Allendale's seventh-grade girls' team during the Blake Tournament. (Photo by Ray Floriani/Daly Dose Of Hoops)
By Ray Floriani (@rfloriani)
ALLENDALE, NJ - The annual Blake Tournament, a holiday tradition in northern Bergen County, features fifth through eighth-grade divisions for boys and girls teams. The weeklong tournament runs a with four sites concurrently in use.
Thursday’s assignment found three girls’ games as the good fortune of the draw. My partner, officiating coordinator, good friend and one of my favorite referee partners; Glen Mezzatesta, shares the court. A Michigan grad who bleeds blue, we discuss the latest in Michigan football and hoops before taking the floor.
The scores and recaps:
Sixth grade: Paramus 37, Allendale 13
Paramus got off to a quick start and never looked back. They did a great job of initiating offense at the top of the key and hitting a cutter. Paramus had several good ball handlers and a couple girls able to hit from 10 feet, quite a luxury on this level. Allendale head coach Maria is active with Ring City’s AAU program. She is working on basics here, but says, “I have the next game, you will like the group of seventh-graders I have.” Next game will tell but for now, focus is on the job at hand.

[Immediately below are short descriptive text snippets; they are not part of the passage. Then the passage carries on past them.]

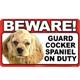 Sign Guard Cocker Spaniel On Duty 8 x 4.75 inch Laminated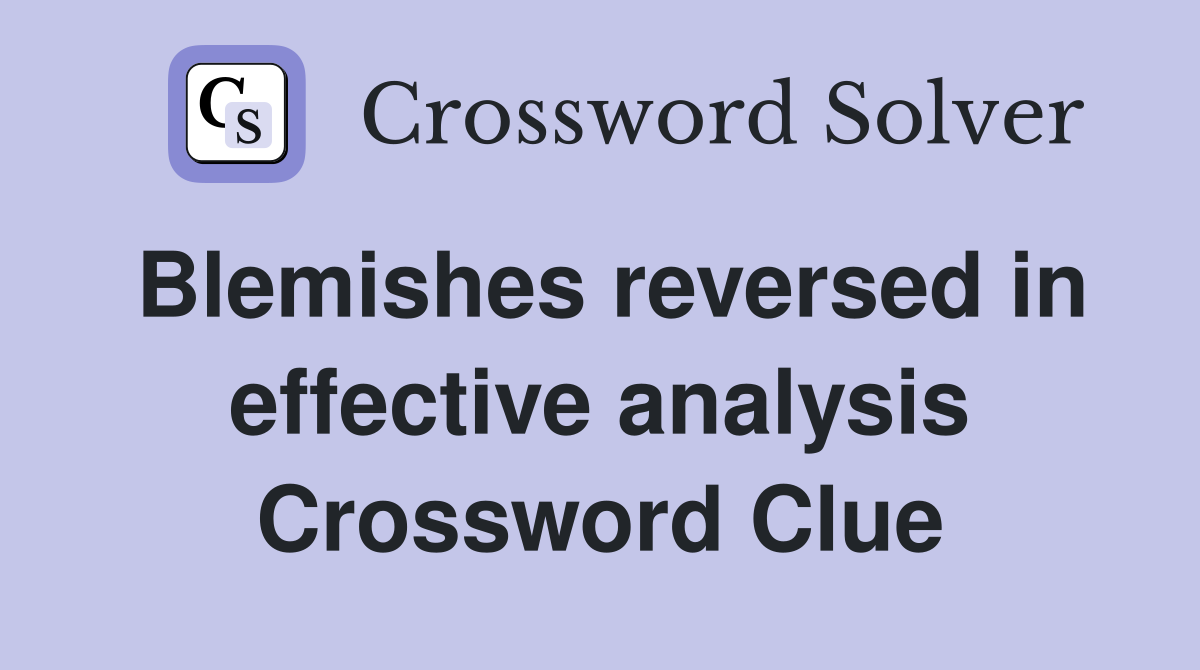 Blemishes reversed in effective analysis Crossword Clue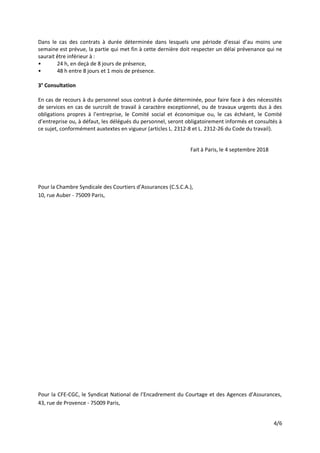 4/6
Dans le cas des contrats à durée déterminée dans lesquels une période d’essai d’au moins une
semaine est prévue, la partie qui met fin à cette dernière doit respecter un délai prévenance qui ne
saurait être inférieur à :
• 24 h, en deçà de 8 jours de présence,
• 48 h entre 8 jours et 1 mois de présence.
3° Consultation
En cas de recours à du personnel sous contrat à durée déterminée, pour faire face à des nécessités
de services en cas de surcroît de travail à caractère exceptionnel, ou de travaux urgents dus à des
obligations propres à l’entreprise, le Comité social et économique ou, le cas échéant, le Comité
d’entreprise ou, à défaut, les délégués du personnel, seront obligatoirement informés et consultés à
ce sujet, conformément auxtextes en vigueur (articles L. 2312-8 et L. 2312-26 du Code du travail).
Fait à Paris, le 4 septembre 2018
Pour la Chambre Syndicale des Courtiers d’Assurances (C.S.C.A.),
10, rue Auber - 75009 Paris,
Pour la CFE-CGC, le Syndicat National de l’Encadrement du Courtage et des Agences d’Assurances,
43, rue de Provence - 75009 Paris,
 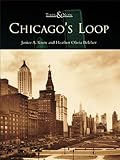 Chicago's Loop by Janice Knox front cover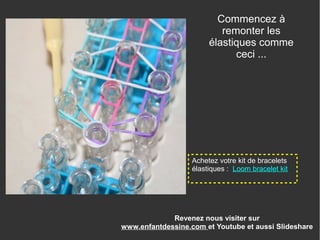 Revenez nous visiter sur
www.enfantdessine.com et Youtube et aussi Slideshare
Commencez à
remonter les
élastiques comme
ceci ...
Achetez votre kit de bracelets
élastiques : Loom bracelet kit
 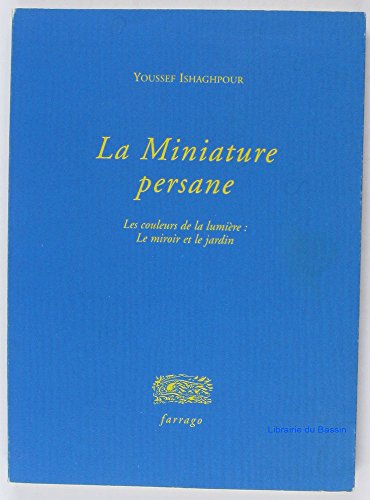 Beispielbild fr La miniature persane - Les couleurs de la lumire : le miroir et le jardin. zum Verkauf von medimops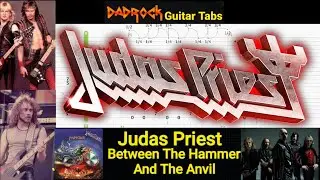 Between The Hammer And The Anvil - Judas Priest - Guitar + Bass TABS Lesson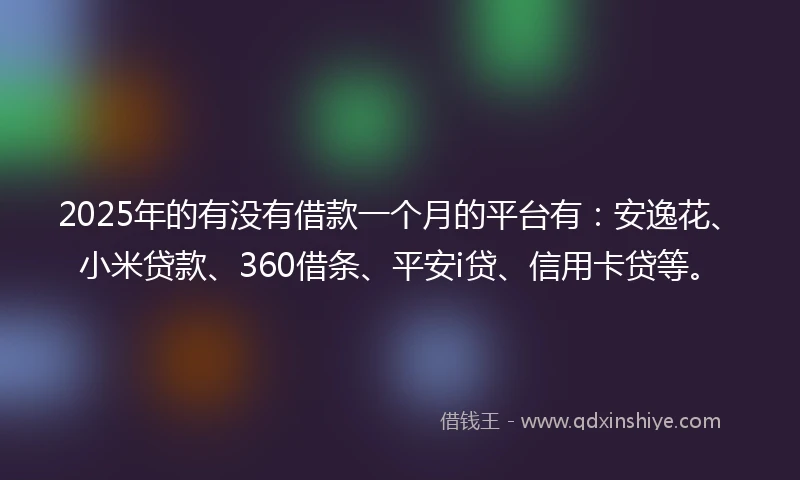 2025年的有没有借款一个月的平台有：安逸花、小米贷款、360借条、平安i贷、信用卡贷等。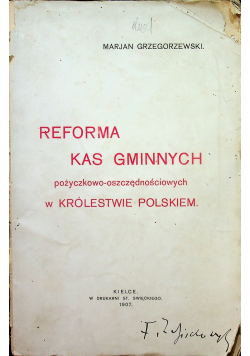 Reforma kas gminnych pożyczkowo - oszczędnościowych w Królestwie Polskiem 1907 r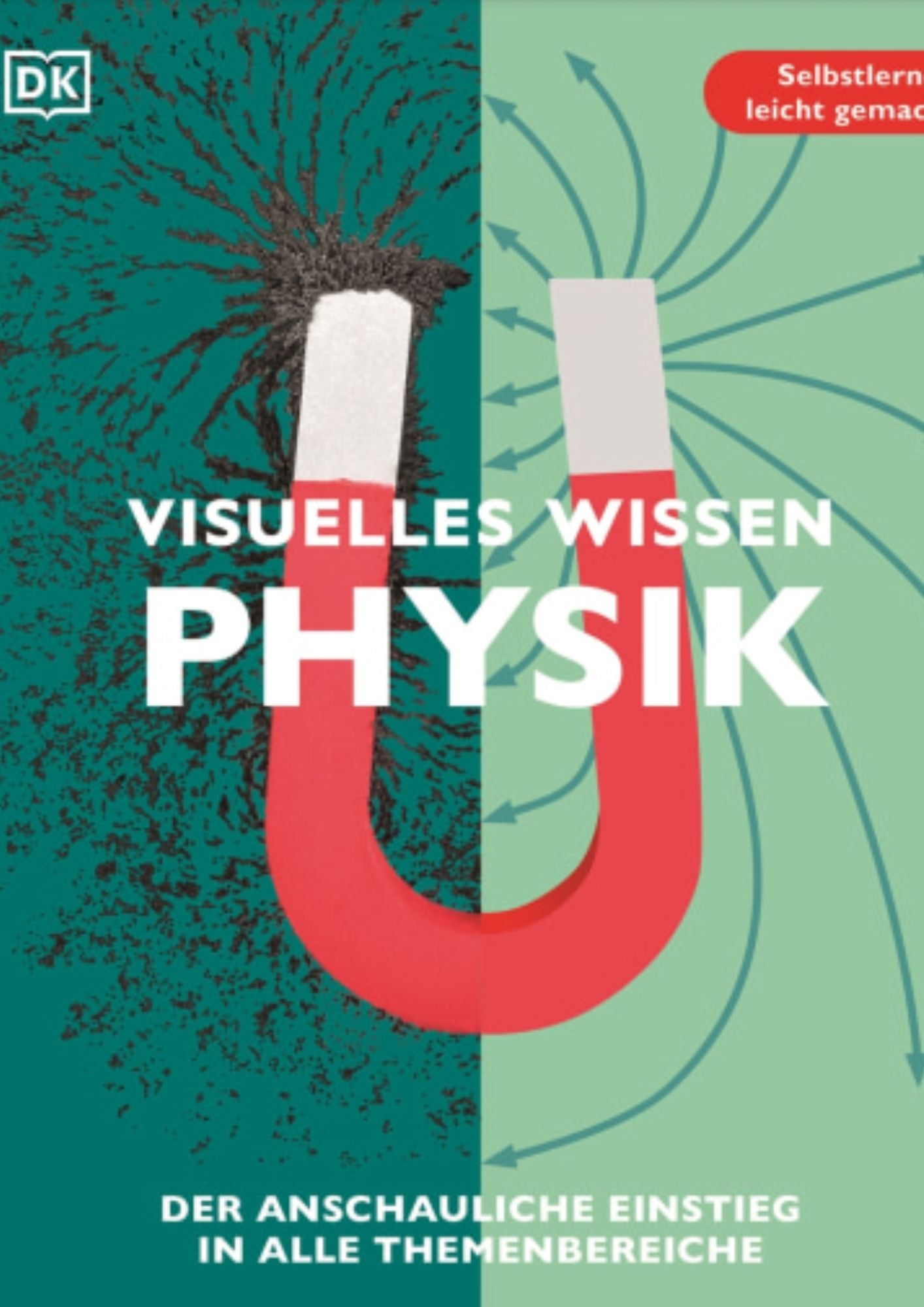 Visuelles Wissen - Physik / DK-Verlag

In the fourth quarter, Paramus is up 15 and one of their players is going to the basket in transition. She is fouled hard but not pushed from behind by an Allendale player. Process the information: The Allendale girl is frustrated, not playing sound defense and her team is getting buried. Calling an intentional may single her out adding insult to injury. I make the call and make sure to tell her “just be careful, that was almost an intentional foul.”
A night later, I run into Jon Levinson at the FDU game. An excellent official whom I was fortunate to work with, Jon is the Northeast Conference officiating supervisor. I discuss the play with him and he agrees not calling an intentional was right and talking with girl about the foul was even more important. Twenty-nine years on the floor, and always learning.
Seventh grade: Allendale 28, Paramus 11
Allendale scored the game’s first 17 points, as Paramus was unable to get in the scorebook until midway through the third quarter. Allendale did not press a great deal, but they applied good half court ball pressure and thoroughly disrupted the Paramus offense. Offensively, the host team had some size and ran very well in transition. They simply had too much for a Paramus team that won a nail-biter of an opening round game the prior evening.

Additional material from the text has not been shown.